Cato Journal

Cato Journal

Spring/Summer 2003

 

On the Fed's Demand Bubble
By William A. Niskanen

 

Introduction

It should now be clear that the Federal Reserve caused, or at least accommodated, the bubble in aggregate nominal demand from early 1998 through early 2000. Moreover, the Federal Reserve chose to wring out this excess demand by late 2001, and by late 2002 total demand was significantly below trend (Figure 1). The primary open questions are whether the Federal Reserve should have caused or accommodated the bubble and what the Fed should have done once the bubble was in place.

At this point, it is important to distinguish between the bubble in aggregate nominal demand and the nearly synchronous and much larger bubble in equity prices. At the peak of the demand bubble, aggregate nominal demand was only about $320 billion above trend. The bubble in equity prices, in contrast, was about $7 trillion.

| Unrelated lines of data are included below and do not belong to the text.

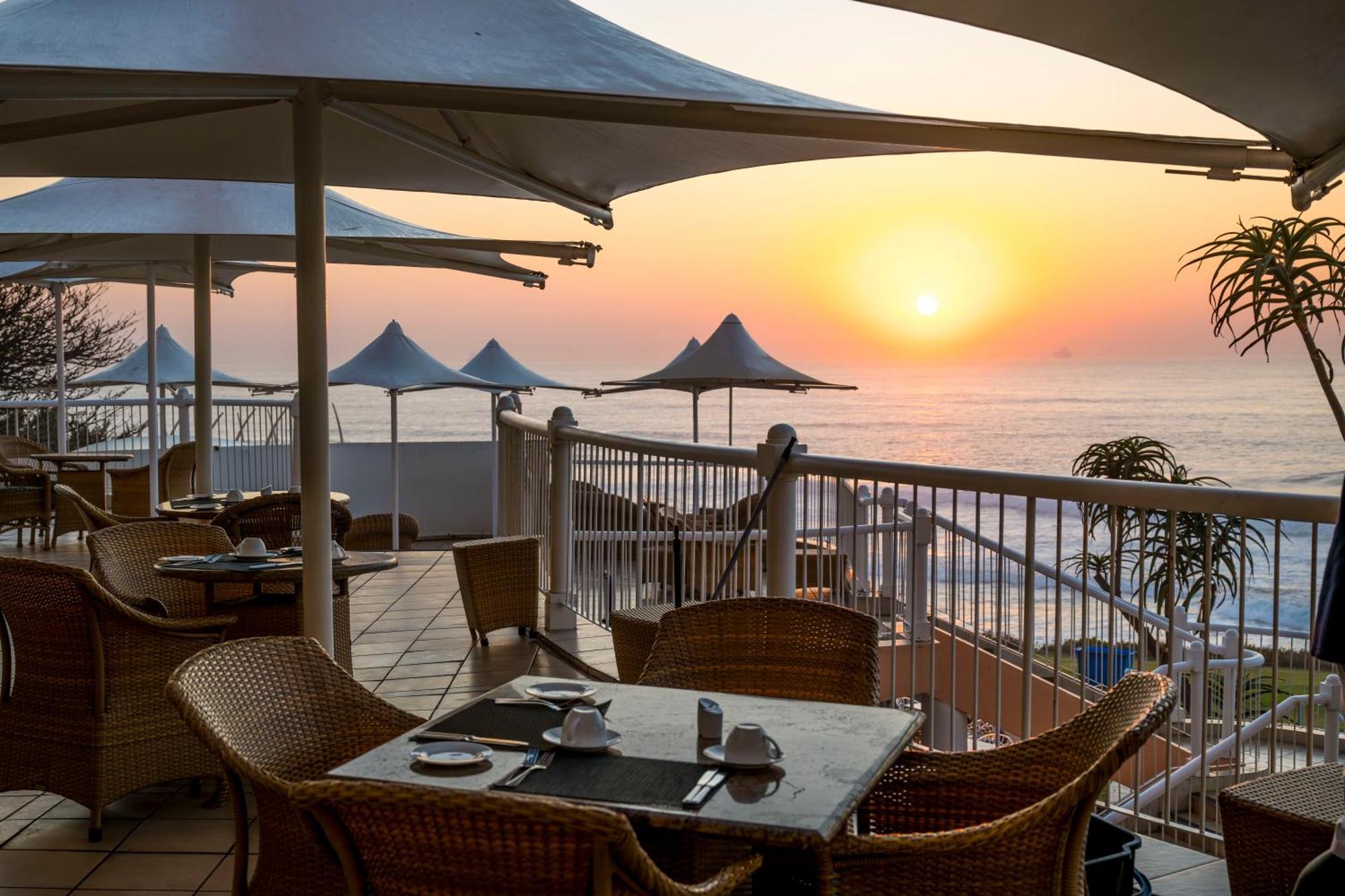 Beverly Hills Durban Dış mekan fotoğraf Sunset at the Cape of Good Hope
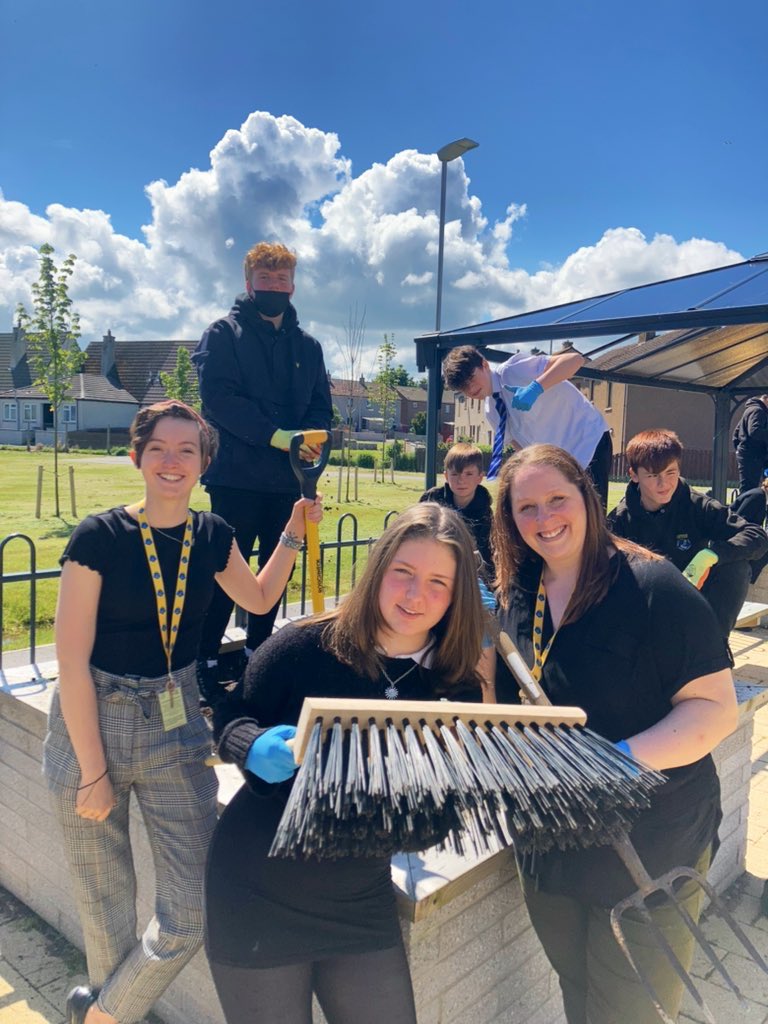 Potato planting @LossieHigh today! Fab work team! 🥔😄 @Lossiehomeec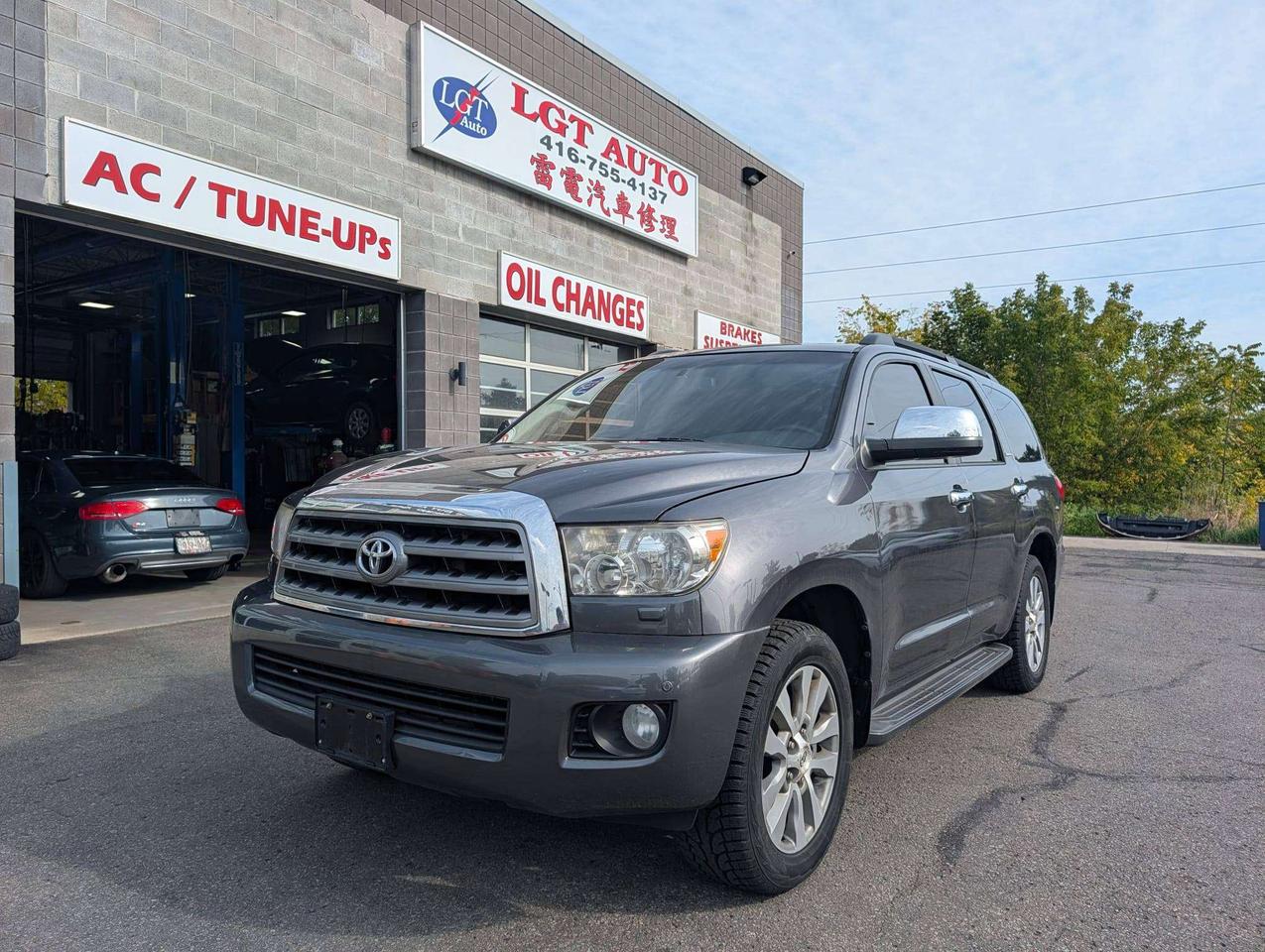 2014 Toyota Sequoia Limited Photo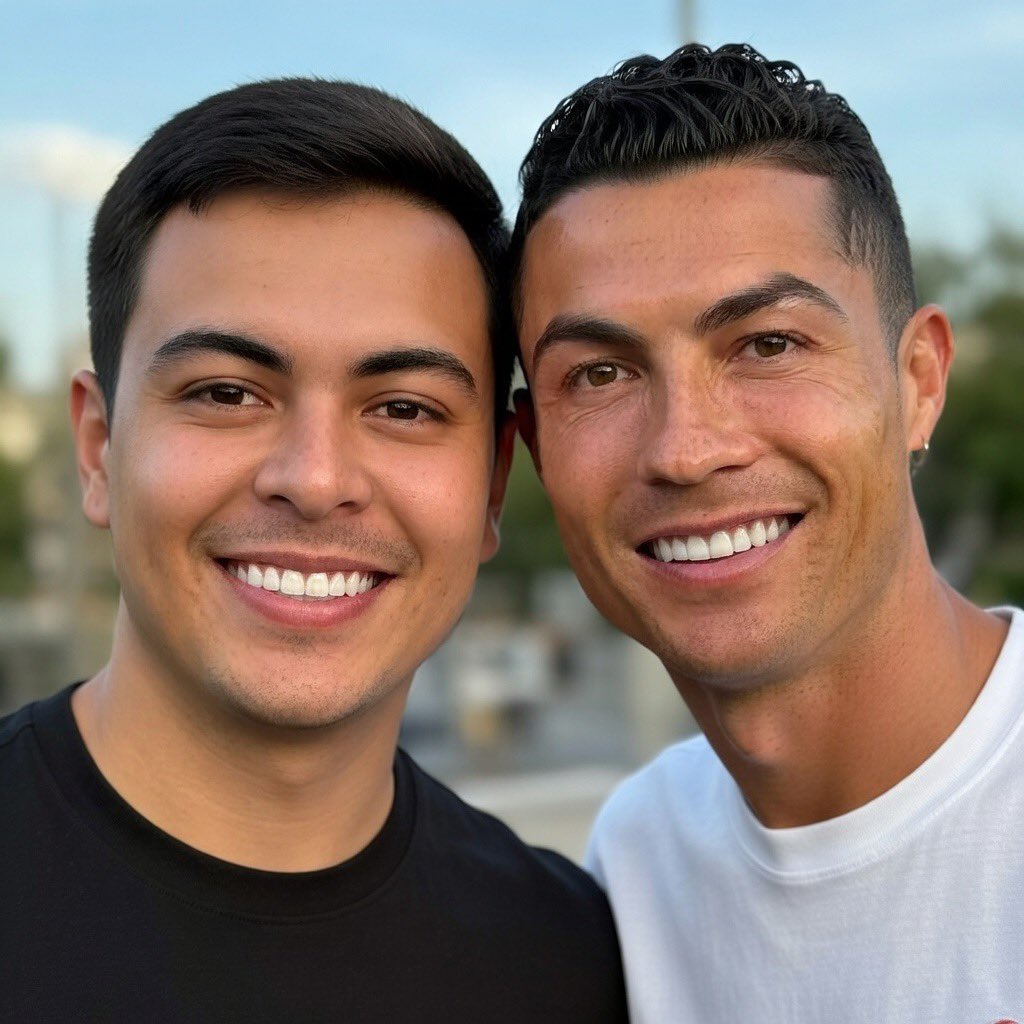 ganievJr's tweet photo. Akam sila karochche🤩🤩🤩 @Cristiano https://t.co/q3rQVgHXqO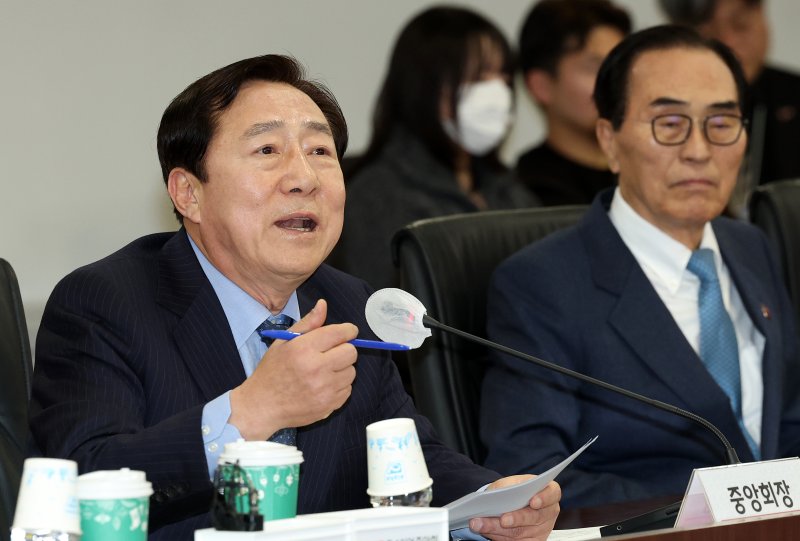 김기문 중소기업중앙회장이 17일 오후 서울 영등포구 중소기업중앙회에서 열린 고용노동부-중소기업인 간담회에서 모두발언을 하고 있다. 2025.2.17/뉴스1 ⓒ News1 오대일 기자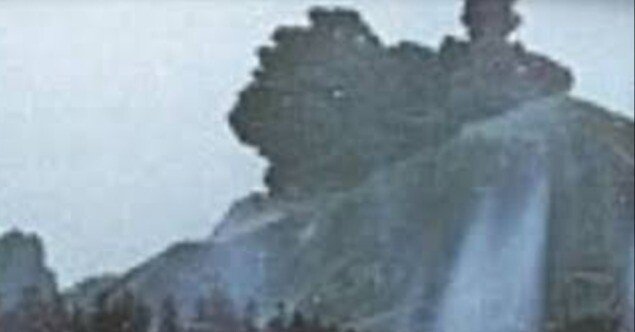 命と引き換えに撮影した火山の噴火｜Moto Ito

The monetary stimulus that led to the demand bubble may have contributed to financing the equity bubble but was only a small part of that story. Another study would be necessary to estimate the magnitude and timing of the equity bubble if the Federal Reserve had maintained a trend rate of growth of aggregate demand throughout this period. Until such a study is completed, there is no basis for holding the Federal Reserve responsible for the equity bubble.